How to implement a heap

Doing basic operations on a heap is a more complicated than implementing a binary tree, but is a good thing to know just in case. The easiest and most efficient way to implement a heap is using an array.

Inserting to a heap means adding a new element to the last position, than restoring the heap property, by moving up the tree. The child of a node k in the array is at positions 2k+1 and 2k+2, so moving up the tree is just basic arithmetic.

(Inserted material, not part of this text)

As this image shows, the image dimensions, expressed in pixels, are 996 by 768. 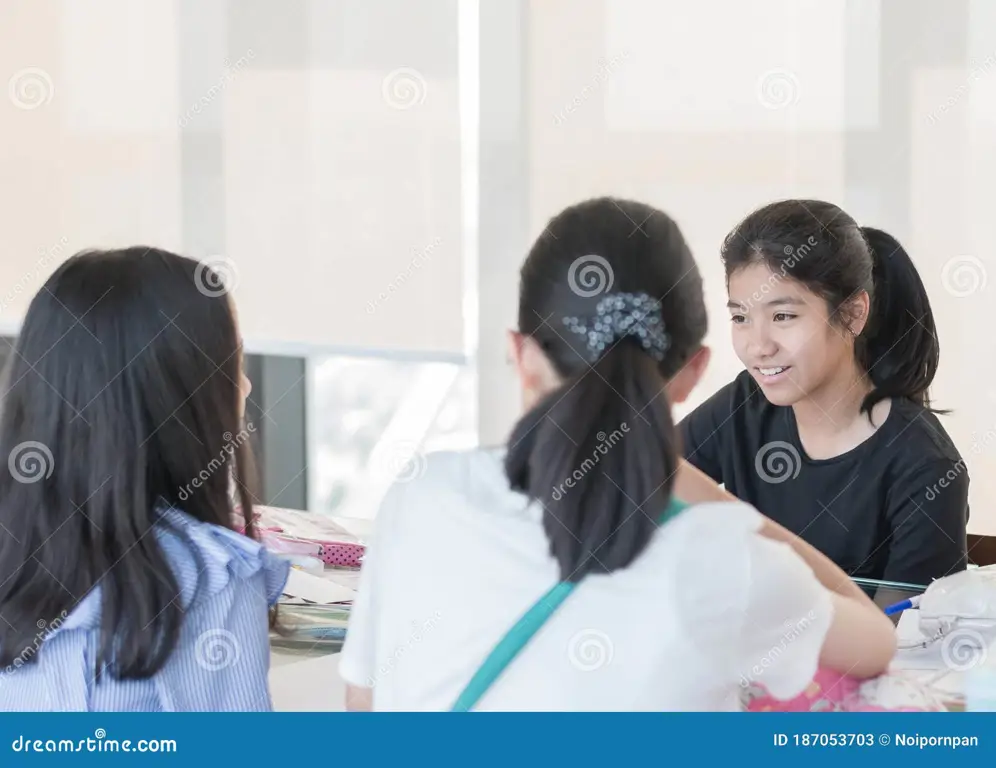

Deleting from the heap simply means replacing the root (the element at position k 0) with the last element, delete the last element, and restore the heap property.
Without further delays, here's the code.

For insertion:

   1:  template <class T>

   2:  void addToHeap(vector<T>* heap, T val) {

   3:      heap->push_back(val);

   4:      int pos = heap->size() - 1;

   5:      if (pos == 0)

   6:          return;

   7:      bool fixingHeap = true;

   8:      do {

   9:          int parent = 0;

  10:          if (pos % 2 == 0)

  11:              parent = (pos - 2) / 2;

  12:          else

  13:              parent = (pos - 1) / 2;

  14:          if (heap->at(parent) < heap->at(pos)) {

  15:              T temp = heap->at(pos);

  16:              heap->at(pos) = heap->at(parent);

  17:              heap->at(parent) = temp;

  18:              pos = parent;

  19:          } else {

  20:              fixingHeap = false;

  21:          }

  22:      } while (fixingHeap && pos != 0);

  23:  }

For deleting:

   1:  template <class T>

   2:  T deleteFromHeap(vector<T>* heap) {

   3:      int size = heap->size();

   4:      if (size == 0) {

   5:          return -1;

   6:      }

   7:      T ret = heap->front();

   8:      if (size == 1) {

   9:          heap->clear();

  10:          return ret;

  11:      }

  12:      if (size == 2) {

  13:          heap->at(0) = heap->at(size - 1);

  14:          heap->pop_back();

  15:          return ret;

  16:      }

  17:      heap->at(0) = heap->at(size - 1);

  18:      heap->pop_back();

  19:      size--;

  20:      bool fixingHeap = true;

  21:      int pos = 0;

  22:      do {

  23:          int child1 = 2 * pos + 1;

  24:          int child2 = 2 * pos + 2;

  25:          int switchPosition = 0;

  26:          T max = 0;

  27:          if (child2 < size) {

  28:              //2 children

  29:              if (heap->at(child1) > heap->at(child2)) {

  30:                  switchPosition = child1;

  31:                  max = heap->at(child1);

  32:              }

  33:              else {

  34:                  switchPosition = child2;

  35:                  max = heap->at(child2);

  36:              }

  37:              if (heap->at(pos) < max) {

  38:                  T temp = heap->at(pos);

  39:                  heap->at(pos) = heap->at(switchPosition);

  40:                  heap->at(switchPosition) = temp;

  41:                  pos = switchPosition;

  42:              } else {

  43:                  fixingHeap = false;

  44:              }

  45:          } else if (child1 < size) {

  46:              //1 child

  47:              if (heap->at(pos) < heap->at(child1)) {

  48:                  T temp = heap->at(pos);

  49:                  heap->at(pos) = heap->at(child1);

  50:                  heap->at(child1) = temp;

  51:                  pos = child1;

  52:              } else {

  53:                  fixingHeap = false;

  54:              }

  55:          } else {

  56:              //0 children;

  57:              fixingHeap = false;

  58:          }

  59:      } while (fixingHeap);

  60:      return ret;

  61:  }